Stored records

**********

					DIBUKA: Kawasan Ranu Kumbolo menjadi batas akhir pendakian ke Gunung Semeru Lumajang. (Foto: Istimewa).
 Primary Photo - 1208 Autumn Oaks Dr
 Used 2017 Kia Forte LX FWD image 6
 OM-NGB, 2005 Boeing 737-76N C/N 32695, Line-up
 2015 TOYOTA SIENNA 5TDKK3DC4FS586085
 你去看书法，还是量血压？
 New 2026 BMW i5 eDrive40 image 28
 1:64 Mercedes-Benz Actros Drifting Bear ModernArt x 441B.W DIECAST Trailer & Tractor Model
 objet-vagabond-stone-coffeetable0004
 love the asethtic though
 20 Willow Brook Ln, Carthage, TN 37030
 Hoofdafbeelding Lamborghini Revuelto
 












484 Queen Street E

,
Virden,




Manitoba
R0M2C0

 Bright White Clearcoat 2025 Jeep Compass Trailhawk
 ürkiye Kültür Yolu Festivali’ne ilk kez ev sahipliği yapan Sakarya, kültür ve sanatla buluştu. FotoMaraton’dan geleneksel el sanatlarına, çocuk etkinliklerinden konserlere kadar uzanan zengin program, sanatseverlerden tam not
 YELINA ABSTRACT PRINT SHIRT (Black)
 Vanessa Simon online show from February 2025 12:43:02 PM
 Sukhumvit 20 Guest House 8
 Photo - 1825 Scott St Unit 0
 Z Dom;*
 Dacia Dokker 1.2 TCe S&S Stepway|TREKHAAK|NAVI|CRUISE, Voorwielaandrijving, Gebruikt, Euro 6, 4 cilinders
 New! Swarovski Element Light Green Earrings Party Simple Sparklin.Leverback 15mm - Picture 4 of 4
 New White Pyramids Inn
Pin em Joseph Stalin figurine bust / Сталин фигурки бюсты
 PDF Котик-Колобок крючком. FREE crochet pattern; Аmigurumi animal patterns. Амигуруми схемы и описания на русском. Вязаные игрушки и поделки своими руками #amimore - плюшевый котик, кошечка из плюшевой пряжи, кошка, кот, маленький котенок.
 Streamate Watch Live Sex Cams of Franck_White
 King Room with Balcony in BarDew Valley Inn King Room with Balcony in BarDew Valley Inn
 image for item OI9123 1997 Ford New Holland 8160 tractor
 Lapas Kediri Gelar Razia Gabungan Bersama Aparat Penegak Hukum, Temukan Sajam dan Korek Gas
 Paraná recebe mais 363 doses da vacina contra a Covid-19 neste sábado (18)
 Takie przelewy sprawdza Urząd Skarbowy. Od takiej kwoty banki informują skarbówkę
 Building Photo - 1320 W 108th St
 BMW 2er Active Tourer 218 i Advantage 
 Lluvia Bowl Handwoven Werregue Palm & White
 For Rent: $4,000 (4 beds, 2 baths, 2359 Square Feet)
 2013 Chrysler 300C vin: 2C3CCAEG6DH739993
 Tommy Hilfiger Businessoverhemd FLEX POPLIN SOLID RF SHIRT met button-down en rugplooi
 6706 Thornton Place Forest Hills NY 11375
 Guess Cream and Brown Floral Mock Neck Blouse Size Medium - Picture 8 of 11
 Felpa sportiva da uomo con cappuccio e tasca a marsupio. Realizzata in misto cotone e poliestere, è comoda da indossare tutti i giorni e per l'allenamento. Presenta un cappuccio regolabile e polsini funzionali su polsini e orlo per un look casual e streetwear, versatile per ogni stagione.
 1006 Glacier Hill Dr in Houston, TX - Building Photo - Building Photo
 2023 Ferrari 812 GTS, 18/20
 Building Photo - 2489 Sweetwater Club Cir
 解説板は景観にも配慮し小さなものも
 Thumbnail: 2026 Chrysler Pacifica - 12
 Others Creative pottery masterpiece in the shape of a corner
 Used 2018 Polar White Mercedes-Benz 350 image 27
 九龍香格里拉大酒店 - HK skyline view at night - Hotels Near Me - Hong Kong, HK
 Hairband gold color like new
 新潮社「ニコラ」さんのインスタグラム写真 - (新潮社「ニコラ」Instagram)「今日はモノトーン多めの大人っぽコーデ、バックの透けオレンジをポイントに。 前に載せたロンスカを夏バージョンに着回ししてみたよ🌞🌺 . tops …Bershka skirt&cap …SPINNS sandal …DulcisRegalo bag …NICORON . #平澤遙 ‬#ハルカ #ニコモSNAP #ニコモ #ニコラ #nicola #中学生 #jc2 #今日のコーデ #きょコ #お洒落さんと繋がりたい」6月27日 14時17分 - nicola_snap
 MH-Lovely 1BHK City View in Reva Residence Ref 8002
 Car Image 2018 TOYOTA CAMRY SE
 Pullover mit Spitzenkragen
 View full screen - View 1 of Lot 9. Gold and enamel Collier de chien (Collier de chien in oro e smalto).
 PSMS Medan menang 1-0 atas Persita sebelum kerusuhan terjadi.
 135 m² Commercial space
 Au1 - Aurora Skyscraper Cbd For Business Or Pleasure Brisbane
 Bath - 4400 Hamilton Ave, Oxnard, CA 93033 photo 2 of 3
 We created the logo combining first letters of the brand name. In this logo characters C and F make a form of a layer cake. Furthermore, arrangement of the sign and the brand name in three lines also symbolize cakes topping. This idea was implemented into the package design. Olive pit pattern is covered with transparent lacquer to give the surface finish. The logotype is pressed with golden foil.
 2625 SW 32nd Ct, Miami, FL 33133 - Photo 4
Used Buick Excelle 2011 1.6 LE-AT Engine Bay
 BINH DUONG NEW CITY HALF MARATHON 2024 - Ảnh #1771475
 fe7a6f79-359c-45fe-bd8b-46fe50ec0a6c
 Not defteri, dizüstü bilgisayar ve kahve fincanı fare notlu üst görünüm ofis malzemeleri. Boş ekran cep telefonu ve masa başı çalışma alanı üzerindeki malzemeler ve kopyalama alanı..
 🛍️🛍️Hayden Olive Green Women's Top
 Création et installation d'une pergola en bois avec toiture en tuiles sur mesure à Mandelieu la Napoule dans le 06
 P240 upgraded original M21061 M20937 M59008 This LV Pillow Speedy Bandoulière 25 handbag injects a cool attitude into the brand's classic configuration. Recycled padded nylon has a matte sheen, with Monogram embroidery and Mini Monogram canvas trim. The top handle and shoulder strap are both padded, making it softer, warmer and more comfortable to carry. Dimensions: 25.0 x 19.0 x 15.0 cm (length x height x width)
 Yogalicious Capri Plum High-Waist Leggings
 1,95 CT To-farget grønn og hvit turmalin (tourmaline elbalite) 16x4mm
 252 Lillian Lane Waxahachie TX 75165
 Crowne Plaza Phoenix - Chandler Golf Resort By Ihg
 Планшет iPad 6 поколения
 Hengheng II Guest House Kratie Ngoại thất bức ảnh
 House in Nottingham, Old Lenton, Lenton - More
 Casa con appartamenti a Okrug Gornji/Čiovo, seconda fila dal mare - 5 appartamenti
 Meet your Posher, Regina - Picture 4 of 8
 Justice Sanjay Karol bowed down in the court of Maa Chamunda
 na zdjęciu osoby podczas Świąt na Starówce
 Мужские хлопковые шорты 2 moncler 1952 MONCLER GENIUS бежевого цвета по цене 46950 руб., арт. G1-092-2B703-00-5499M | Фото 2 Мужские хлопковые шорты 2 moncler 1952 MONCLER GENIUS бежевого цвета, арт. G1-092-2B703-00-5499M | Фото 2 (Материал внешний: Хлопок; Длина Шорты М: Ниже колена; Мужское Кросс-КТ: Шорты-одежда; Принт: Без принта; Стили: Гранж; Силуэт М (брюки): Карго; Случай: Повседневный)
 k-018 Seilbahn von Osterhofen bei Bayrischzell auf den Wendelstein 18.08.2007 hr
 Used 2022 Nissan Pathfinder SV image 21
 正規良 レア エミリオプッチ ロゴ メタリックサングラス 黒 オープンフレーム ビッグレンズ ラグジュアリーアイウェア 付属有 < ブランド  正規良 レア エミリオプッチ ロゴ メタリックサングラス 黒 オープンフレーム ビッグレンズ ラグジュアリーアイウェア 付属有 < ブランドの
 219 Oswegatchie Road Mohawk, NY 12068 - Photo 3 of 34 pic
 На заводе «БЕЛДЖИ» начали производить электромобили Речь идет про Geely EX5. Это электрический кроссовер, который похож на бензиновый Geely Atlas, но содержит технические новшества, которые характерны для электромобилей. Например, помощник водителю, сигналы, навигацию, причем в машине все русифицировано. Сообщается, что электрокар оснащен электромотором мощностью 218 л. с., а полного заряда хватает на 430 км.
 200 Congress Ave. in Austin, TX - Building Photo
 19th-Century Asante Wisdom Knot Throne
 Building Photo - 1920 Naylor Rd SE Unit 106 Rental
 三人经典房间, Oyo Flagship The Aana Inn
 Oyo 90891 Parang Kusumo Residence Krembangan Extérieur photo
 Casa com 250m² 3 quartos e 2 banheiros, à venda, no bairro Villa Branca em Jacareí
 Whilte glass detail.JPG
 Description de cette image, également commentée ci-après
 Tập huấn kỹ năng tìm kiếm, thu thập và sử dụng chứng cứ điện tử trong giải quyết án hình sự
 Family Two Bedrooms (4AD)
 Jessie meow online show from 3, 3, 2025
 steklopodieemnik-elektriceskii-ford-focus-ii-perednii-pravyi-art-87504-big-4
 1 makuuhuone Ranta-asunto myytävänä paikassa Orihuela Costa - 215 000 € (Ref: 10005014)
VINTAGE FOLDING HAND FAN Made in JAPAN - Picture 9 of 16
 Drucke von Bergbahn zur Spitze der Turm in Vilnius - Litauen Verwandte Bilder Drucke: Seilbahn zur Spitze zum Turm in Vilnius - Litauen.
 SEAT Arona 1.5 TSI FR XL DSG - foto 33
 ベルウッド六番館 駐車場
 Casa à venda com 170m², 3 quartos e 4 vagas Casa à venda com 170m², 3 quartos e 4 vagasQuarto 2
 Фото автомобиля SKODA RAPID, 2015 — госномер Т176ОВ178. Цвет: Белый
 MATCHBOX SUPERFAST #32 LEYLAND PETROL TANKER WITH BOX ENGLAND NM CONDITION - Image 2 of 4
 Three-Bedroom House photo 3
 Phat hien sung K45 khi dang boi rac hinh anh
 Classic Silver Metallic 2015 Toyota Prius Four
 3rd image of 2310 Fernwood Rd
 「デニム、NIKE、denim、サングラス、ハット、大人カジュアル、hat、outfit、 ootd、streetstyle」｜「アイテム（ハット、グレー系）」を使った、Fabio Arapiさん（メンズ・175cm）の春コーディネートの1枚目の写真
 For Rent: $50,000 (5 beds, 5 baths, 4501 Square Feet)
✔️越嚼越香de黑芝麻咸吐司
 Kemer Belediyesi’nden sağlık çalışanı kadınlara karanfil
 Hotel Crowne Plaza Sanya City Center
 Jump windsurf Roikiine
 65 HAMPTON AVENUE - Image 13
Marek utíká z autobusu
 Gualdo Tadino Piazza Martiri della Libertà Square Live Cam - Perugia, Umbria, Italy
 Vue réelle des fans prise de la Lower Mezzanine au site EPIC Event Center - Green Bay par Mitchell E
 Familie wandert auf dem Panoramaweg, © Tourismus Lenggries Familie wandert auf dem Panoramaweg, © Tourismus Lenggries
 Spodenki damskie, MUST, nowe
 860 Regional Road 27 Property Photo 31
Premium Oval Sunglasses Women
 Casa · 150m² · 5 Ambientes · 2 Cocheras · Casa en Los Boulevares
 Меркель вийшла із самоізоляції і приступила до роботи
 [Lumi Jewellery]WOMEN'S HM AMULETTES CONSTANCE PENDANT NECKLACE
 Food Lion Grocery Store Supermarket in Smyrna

**********

| What is being asked |
Set down again, word for word, the stretch of records from the line with "MH-Lovely 1BHK City" to the line with "1,95 CT To-farget", both of those lines included.

| Answer space |
 MH-Lovely 1BHK City View in Reva Residence Ref 8002
 Car Image 2018 TOYOTA CAMRY SE
 Pullover mit Spitzenkragen
 View full screen - View 1 of Lot 9. Gold and enamel Collier de chien (Collier de chien in oro e smalto).
 PSMS Medan menang 1-0 atas Persita sebelum kerusuhan terjadi.
 135 m² Commercial space
 Au1 - Aurora Skyscraper Cbd For Business Or Pleasure Brisbane
 Bath - 4400 Hamilton Ave, Oxnard, CA 93033 photo 2 of 3
 We created the logo combining first letters of the brand name. In this logo characters C and F make a form of a layer cake. Furthermore, arrangement of the sign and the brand name in three lines also symbolize cakes topping. This idea was implemented into the package design. Olive pit pattern is covered with transparent lacquer to give the surface finish. The logotype is pressed with golden foil.
 2625 SW 32nd Ct, Miami, FL 33133 - Photo 4
Used Buick Excelle 2011 1.6 LE-AT Engine Bay
 BINH DUONG NEW CITY HALF MARATHON 2024 - Ảnh #1771475
 fe7a6f79-359c-45fe-bd8b-46fe50ec0a6c
 Not defteri, dizüstü bilgisayar ve kahve fincanı fare notlu üst görünüm ofis malzemeleri. Boş ekran cep telefonu ve masa başı çalışma alanı üzerindeki malzemeler ve kopyalama alanı..
 🛍️🛍️Hayden Olive Green Women's Top
 Création et installation d'une pergola en bois avec toiture en tuiles sur mesure à Mandelieu la Napoule dans le 06
 P240 upgraded original M21061 M20937 M59008 This LV Pillow Speedy Bandoulière 25 handbag injects a cool attitude into the brand's classic configuration. Recycled padded nylon has a matte sheen, with Monogram embroidery and Mini Monogram canvas trim. The top handle and shoulder strap are both padded, making it softer, warmer and more comfortable to carry. Dimensions: 25.0 x 19.0 x 15.0 cm (length x height x width)
 Yogalicious Capri Plum High-Waist Leggings
 1,95 CT To-farget grønn og hvit turmalin (tourmaline elbalite) 16x4mm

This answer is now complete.